## Work required
A faithful copy of each entry below is expected, with the images removed.

## Data section
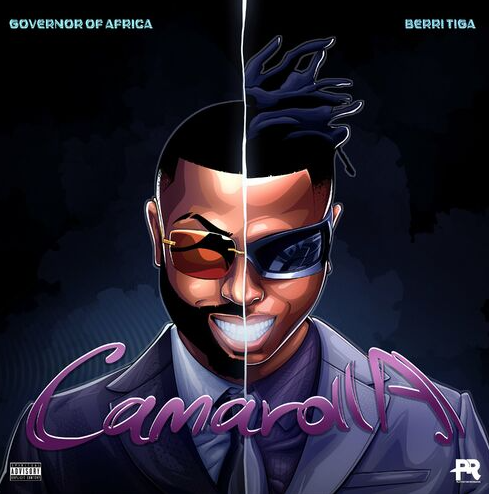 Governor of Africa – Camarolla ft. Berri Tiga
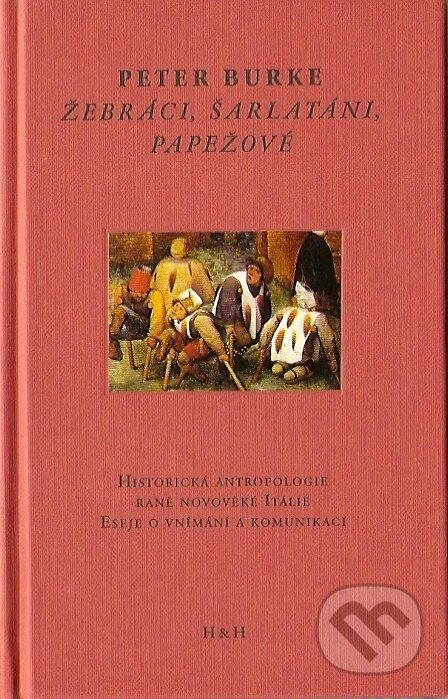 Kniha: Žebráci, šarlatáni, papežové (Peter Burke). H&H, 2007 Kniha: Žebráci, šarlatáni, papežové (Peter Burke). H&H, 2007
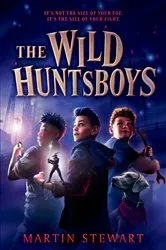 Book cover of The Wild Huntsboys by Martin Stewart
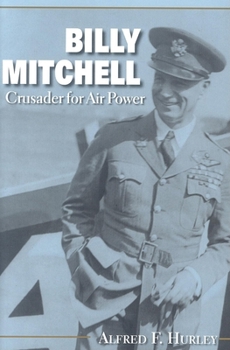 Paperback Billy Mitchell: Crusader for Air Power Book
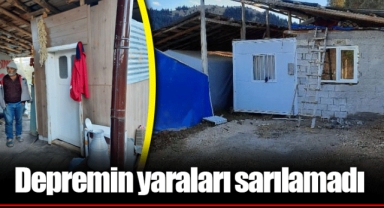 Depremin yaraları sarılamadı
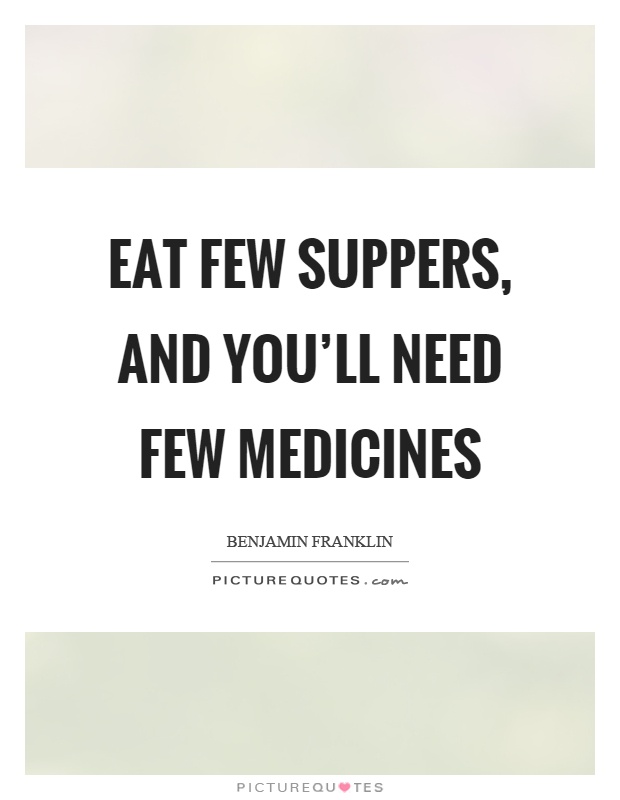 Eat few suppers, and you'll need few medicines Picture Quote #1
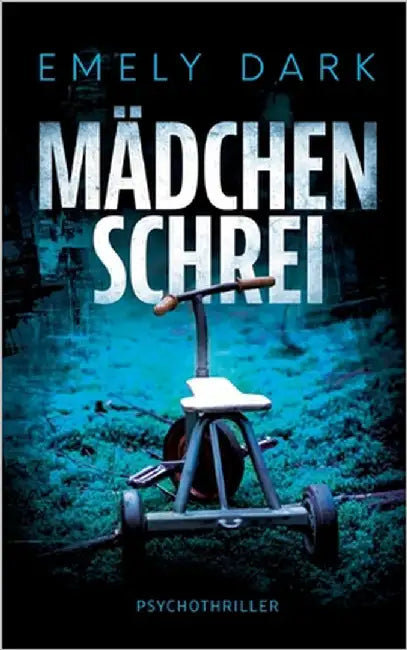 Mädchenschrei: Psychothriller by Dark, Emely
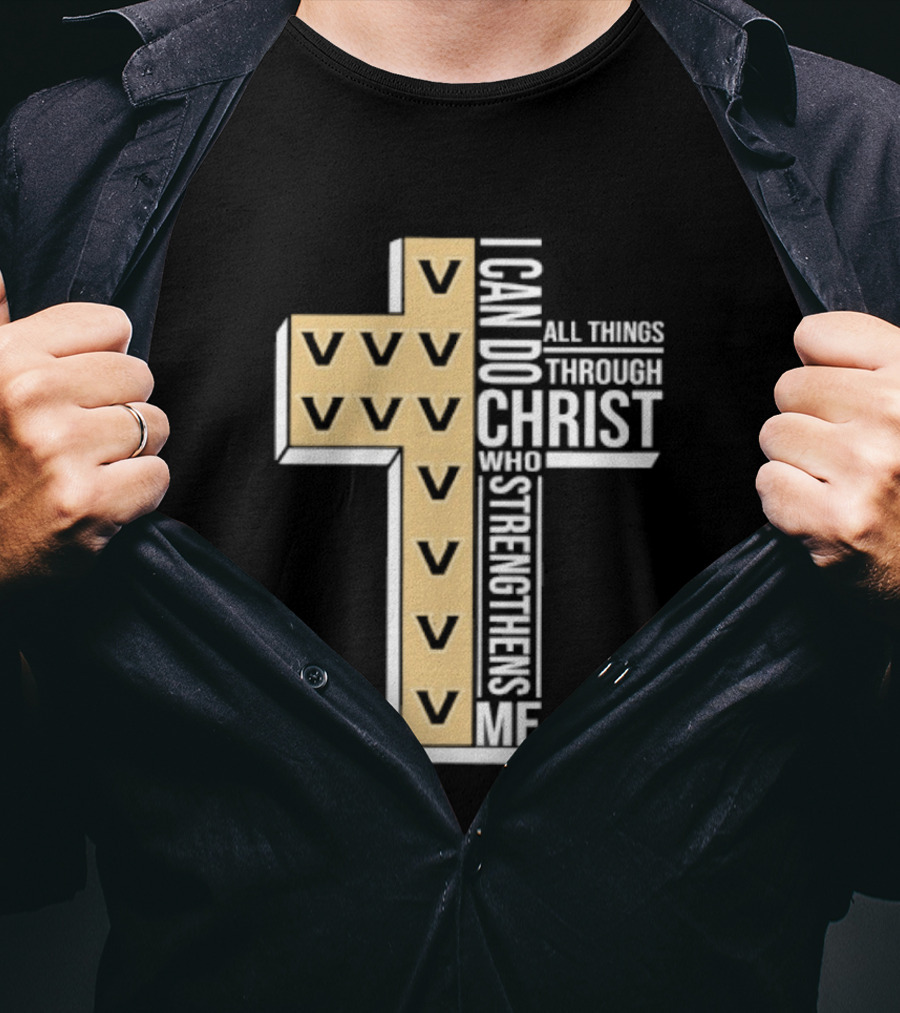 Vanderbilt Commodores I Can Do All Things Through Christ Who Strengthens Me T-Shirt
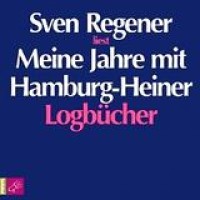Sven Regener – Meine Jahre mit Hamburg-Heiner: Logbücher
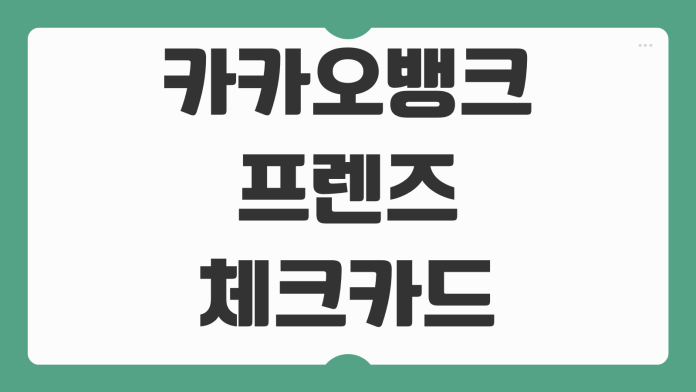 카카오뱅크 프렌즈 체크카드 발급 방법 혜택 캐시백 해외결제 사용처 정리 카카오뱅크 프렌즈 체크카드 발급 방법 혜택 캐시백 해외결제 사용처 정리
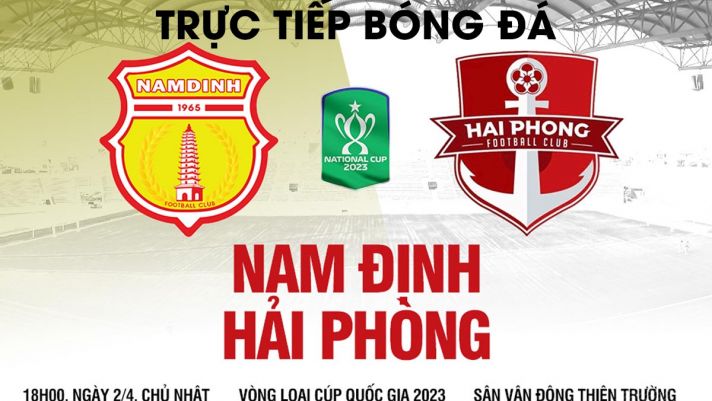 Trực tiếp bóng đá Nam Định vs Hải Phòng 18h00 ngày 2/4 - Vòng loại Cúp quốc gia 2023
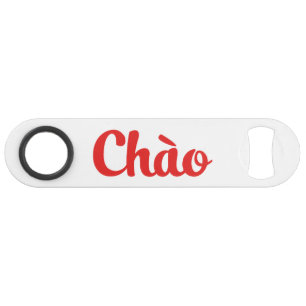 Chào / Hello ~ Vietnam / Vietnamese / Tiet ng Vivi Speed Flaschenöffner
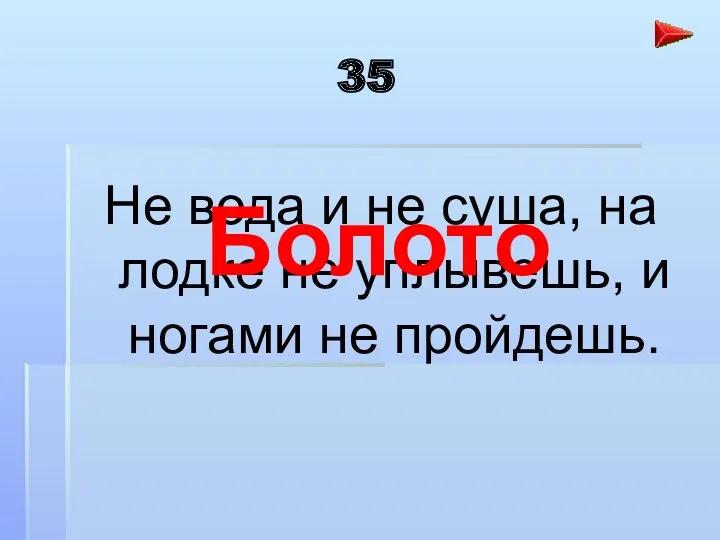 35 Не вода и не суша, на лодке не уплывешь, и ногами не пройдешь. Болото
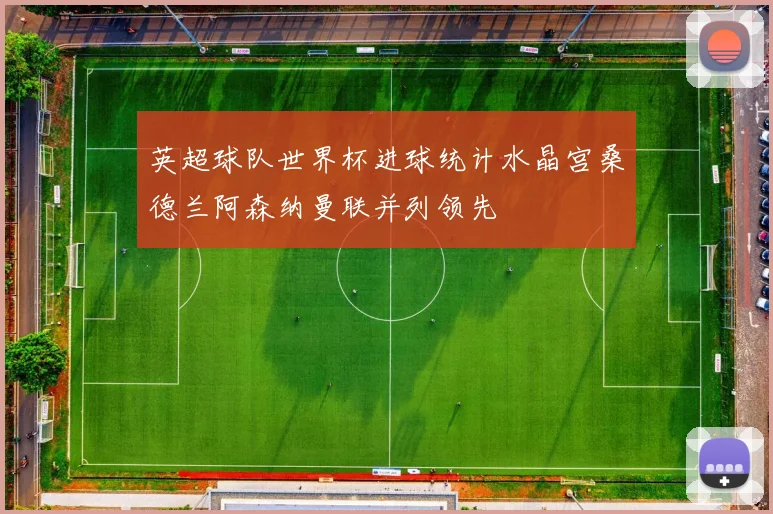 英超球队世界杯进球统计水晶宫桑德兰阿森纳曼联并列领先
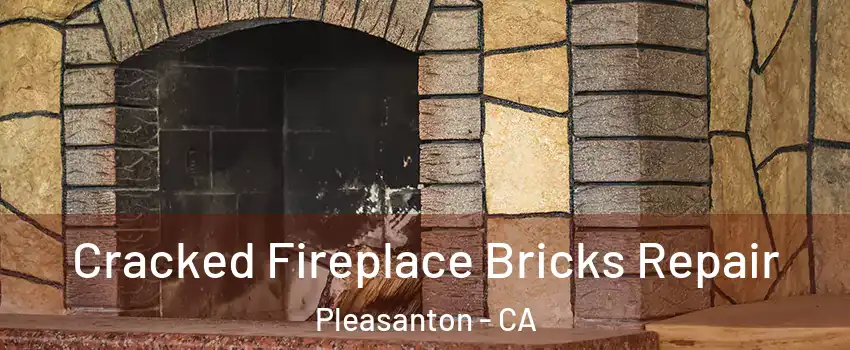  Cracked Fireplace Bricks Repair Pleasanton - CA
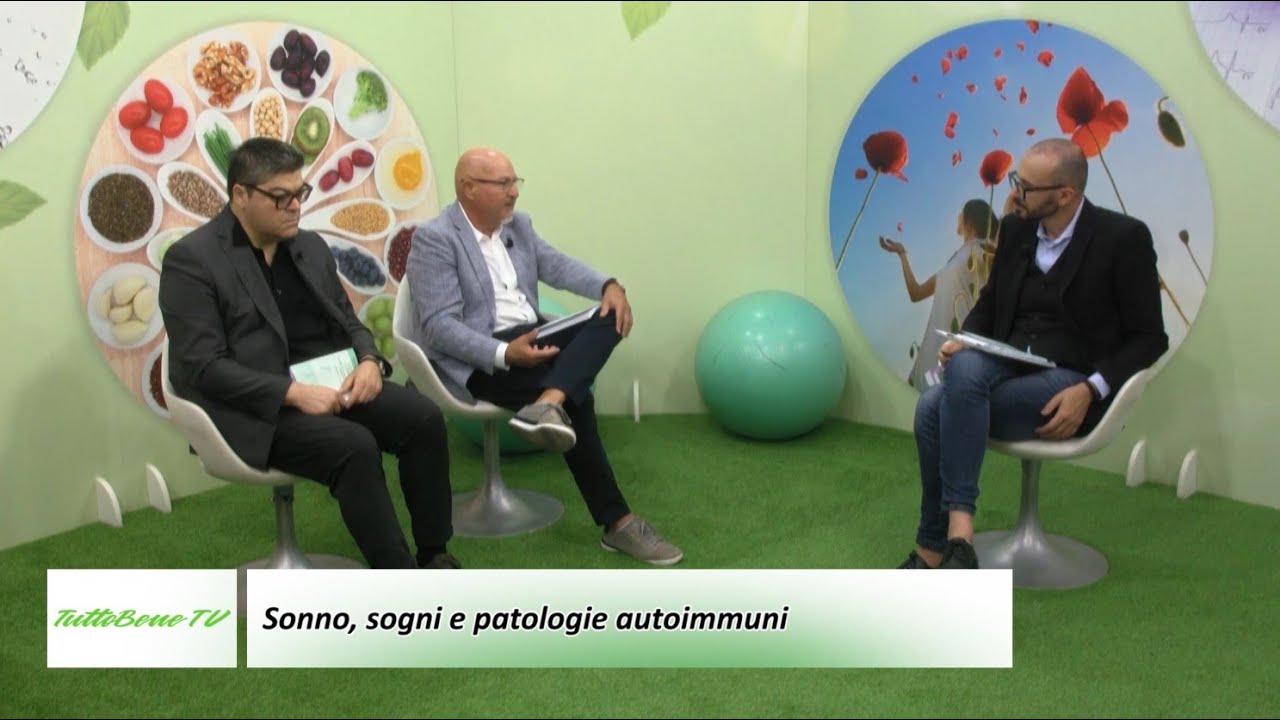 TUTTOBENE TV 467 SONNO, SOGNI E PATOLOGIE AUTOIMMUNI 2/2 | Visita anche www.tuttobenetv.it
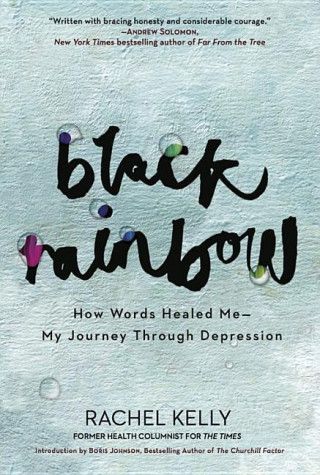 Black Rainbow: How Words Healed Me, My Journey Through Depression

## Solved problem
 Governor of Africa – Camarolla ft. Berri Tiga
 Kniha: Žebráci, šarlatáni, papežové (Peter Burke). H&H, 2007 Kniha: Žebráci, šarlatáni, papežové (Peter Burke). H&H, 2007
 Book cover of The Wild Huntsboys by Martin Stewart
 Paperback Billy Mitchell: Crusader for Air Power Book
 Depremin yaraları sarılamadı
 Eat few suppers, and you'll need few medicines Picture Quote #1
 Mädchenschrei: Psychothriller by Dark, Emely
 Vanderbilt Commodores I Can Do All Things Through Christ Who Strengthens Me T-Shirt
Sven Regener – Meine Jahre mit Hamburg-Heiner: Logbücher
 카카오뱅크 프렌즈 체크카드 발급 방법 혜택 캐시백 해외결제 사용처 정리 카카오뱅크 프렌즈 체크카드 발급 방법 혜택 캐시백 해외결제 사용처 정리
 Trực tiếp bóng đá Nam Định vs Hải Phòng 18h00 ngày 2/4 - Vòng loại Cúp quốc gia 2023
 Chào / Hello ~ Vietnam / Vietnamese / Tiet ng Vivi Speed Flaschenöffner
 35 Не вода и не суша, на лодке не уплывешь, и ногами не пройдешь. Болото
 英超球队世界杯进球统计水晶宫桑德兰阿森纳曼联并列领先
  Cracked Fireplace Bricks Repair Pleasanton - CA
 TUTTOBENE TV 467 SONNO, SOGNI E PATOLOGIE AUTOIMMUNI 2/2 | Visita anche www.tuttobenetv.it
 Black Rainbow: How Words Healed Me, My Journey Through Depression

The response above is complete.